Why are you passionate about conservation?
It all started with my father. He was a German immigrant who grew up in the Black Forest and felt at home in the neighboring woodlands. He wanted me to feel the same way and made sure nature wasn’t just something I read about in books. We spent a lot of time outside together, including frequent trips to visit friends who lived near a lake outside the city. Because of my father, I had the opportunity to really connect with the world around me, which is why I’m so passionate about conservation today. I try to live my life in a way that helps the planet: I started beekeeping last year; I have made my gardens at home pollinator and bird friendly; and I support WWF.

Why do you feel connecting people and nature is important?
I was lucky to feel connected to nature at an early age, and as a result I have always cared about wildlife, the environment, and the future of the planet. I know many people haven’t had similar experiences and feel disconnected from the natural world. I hope, in some small way, my actions can help fix that problem. Getting people involved and encouraging them to make small changes in the way they live and the resources they use can also have an impact. Seemingly small changes—from minimizing the use of plastics to using energy efficiently—make a difference when embraced by many people. Each of us has the power to make good things happen.

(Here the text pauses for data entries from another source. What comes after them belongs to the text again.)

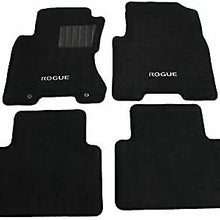 Genuine Nissan Floor Mats Carpet 999E2-G2000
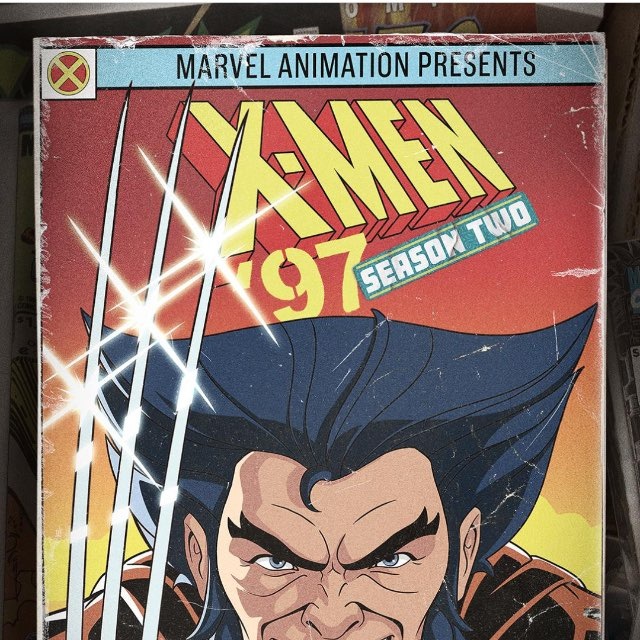 X-Men 97 Season 2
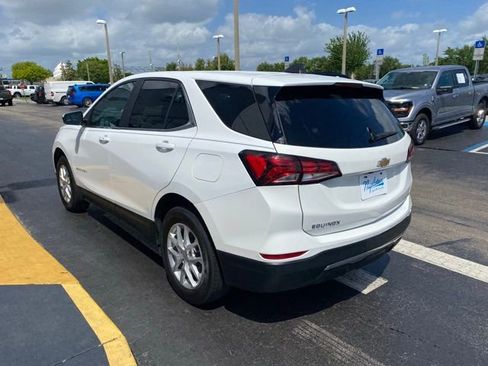 Used 2023 Chevrolet Equinox LT image 7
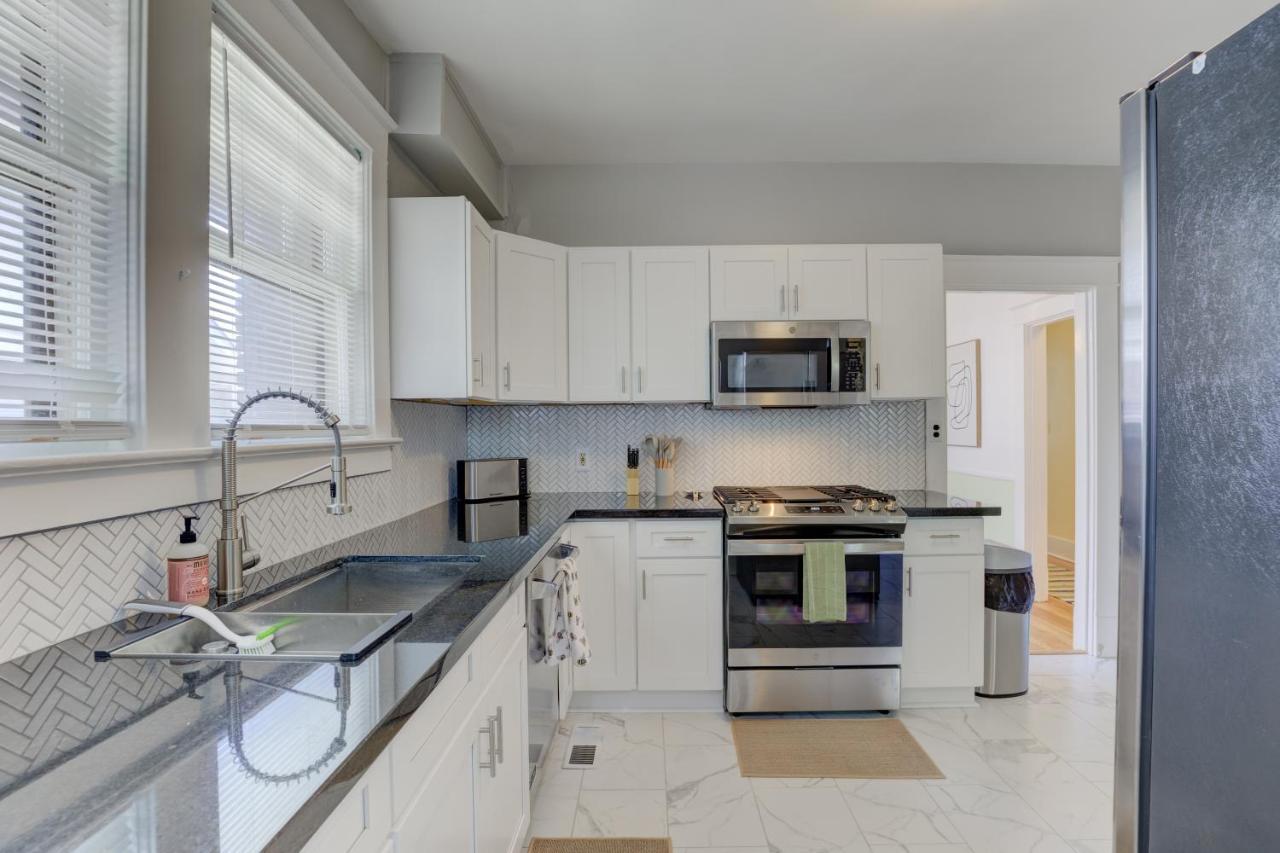 Spacious Bungalow With 6 Beds, Games, And Fire Pit - Close To Beale Street, Bbq, Graceland, & Liberty Bowl MemphisMemphis  Kültér fotó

What gives you hope for the future of our planet?
I’ve traveled across all seven continents, from Africa to Antarctica to the forests of Pennsylvania. I have seen how people light up when they connect with nature. Not only that, but there’s a groundswell of good intent to protect our planet. On social media and other platforms, grassroots movements are mobilizing thousands in support of conservation. We are not apathetic. We do care about the fate of nature, and we’re taking action to protect it.